A steadily climbing heap is the signature of a leak. Capture a heap snapshot with node --inspect and the Chrome DevTools Memory panel, or call v8.writeHeapSnapshot(), then compare two snapshots to find which retained object set is growing.

Bound every cache. An unbounded Map keyed by user input is the single most common Node memory leak—use an LRU with a max size or per-entry TTL.

Horizontal scaling

Q: What are the strategies for scaling Node.js horizontally?

Vertical scaling (a bigger box) hits limits fast because one process uses one core. Horizontal scaling runs many stateless instances behind a load balancer. The key constraint is statelessness: keep no per-request state in process memory, so any instance can serve any request. Push shared state into Redis or a database, and store sessions there rather than in memory.

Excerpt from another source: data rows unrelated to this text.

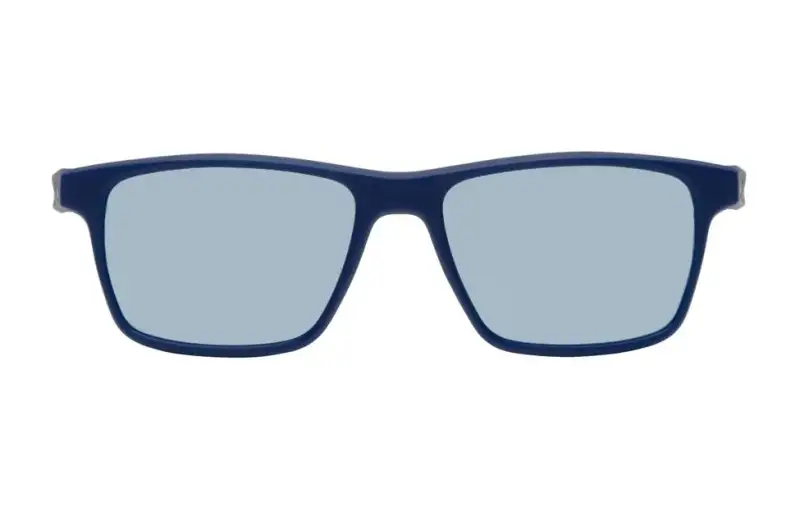 Nike Acetate Rectangular Sunglasses Kids' Blue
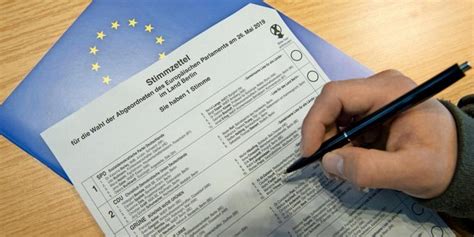 Wenn diese angaben aber bereits von der behörde korrekt ausgefüllt wurden, muss der anhörungsbogen nicht zurückgesendet werden. Europawahl 2019: Stimmzettel richtig ausfüllen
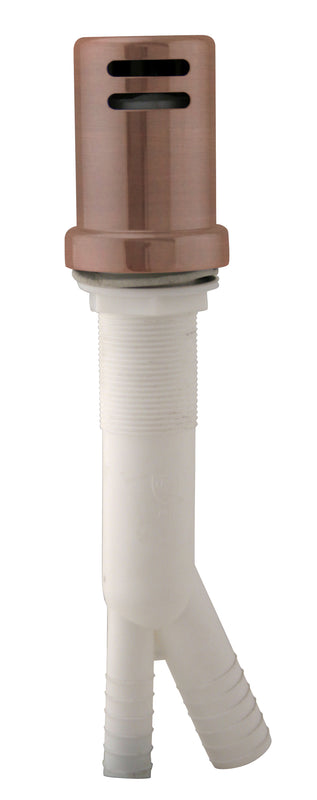 Westbrass D200-1 Air Gap Kit with Skirted Brass Cap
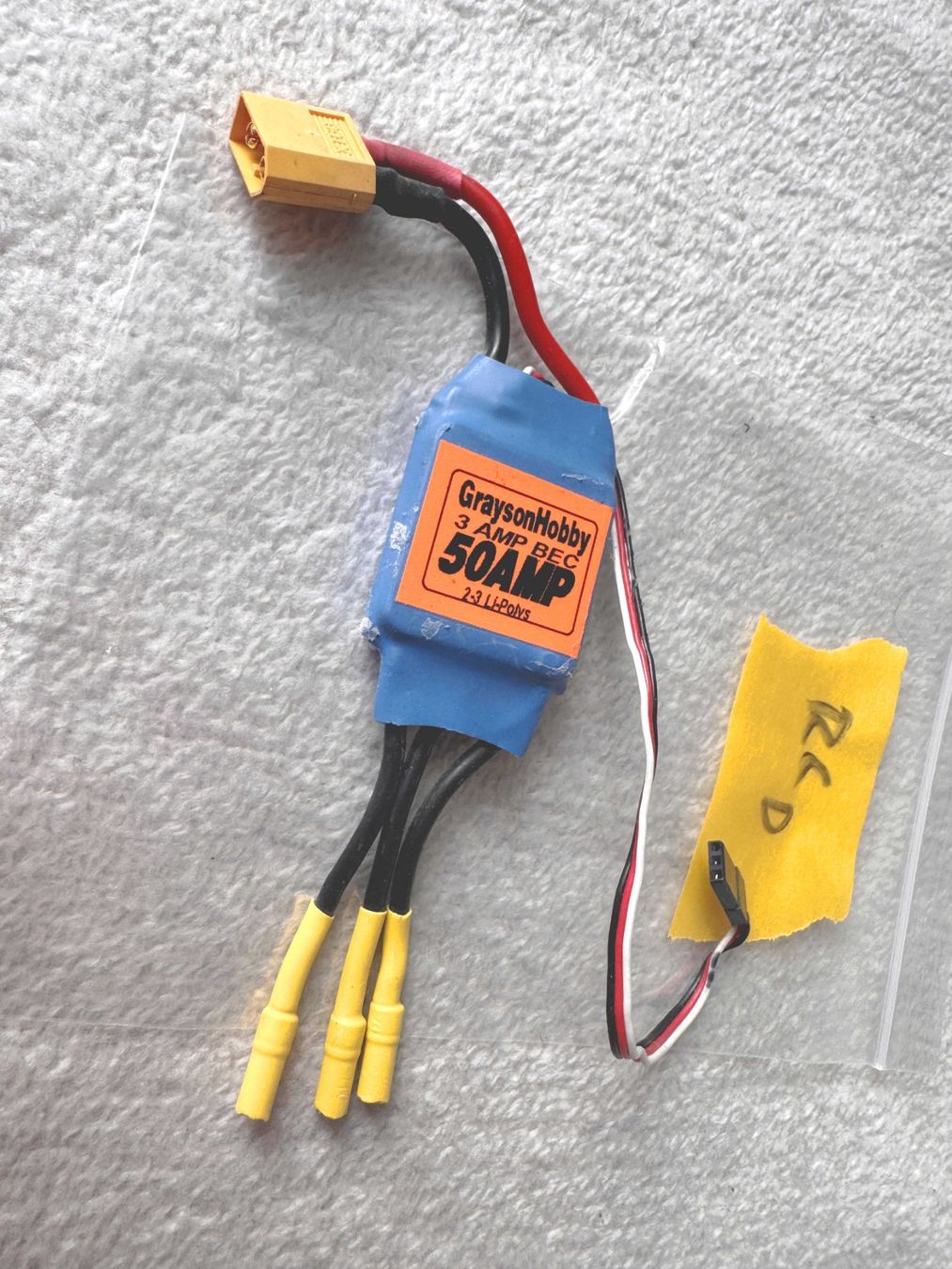 Composants électroniques: Regler ESC GraysonHobby 50A BEC3A – D'occasion à Zürich par Malco0 2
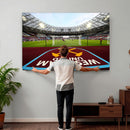 West Ham United FC Stadium Canvas Wall Art – London Stadium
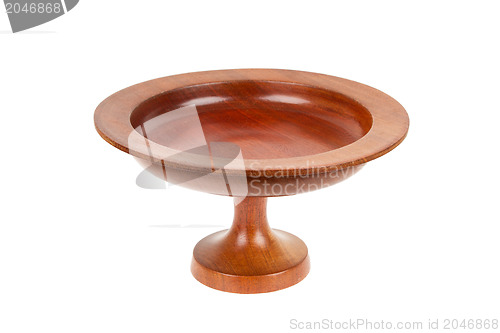 Image of Old fruit bowl from Suriname, isolated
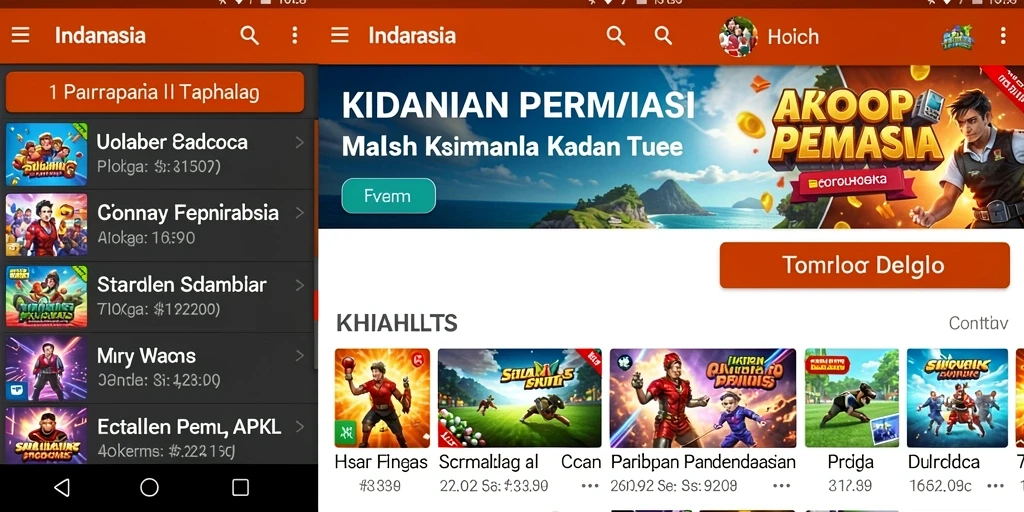 Tangkapan layar memperlihatkan fitur multiplayer yang mengasyikkan.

// Stateless: read identity from the request, never from local memory
import { createServer } from "node:http";

createServer(async (req, res) => {
  const token = req.headers.authorization?.split(" ")[1];
  const session = await redisGetSession(token); // shared store, not local
  res.end(JSON.stringify({ user: session?.userId ?? null }));
}).listen(process.env.PORT ?? 3000);

In practice you combine cluster (or a container orchestrator running N replicas) to fill every core on a host, then add hosts behind the balancer to scale out. Use sticky sessions only when you truly need them—stateless designs scale far more cleanly.

Best Practices

Keep every tick short: offload CPU-bound work to worker_threads and never call Sync APIs on the request path.
Use cluster or a container replica per core to use all CPUs; one Node process only fills one core.
Monitor event-loop delay and heap usage in production—rising loop lag and heap are your earliest warning signs.
Bound all caches with a max size or TTL, and move shared cache and session state into Redis once you scale out.
Design instances to be stateless so any node can handle any request behind the load balancer.
Set Cache-Control/ETag headers so CDNs and clients absorb load before it reaches Node.
Always respawn crashed cluster workers and run the process under a supervisor (PM2, systemd, or an orchestrator).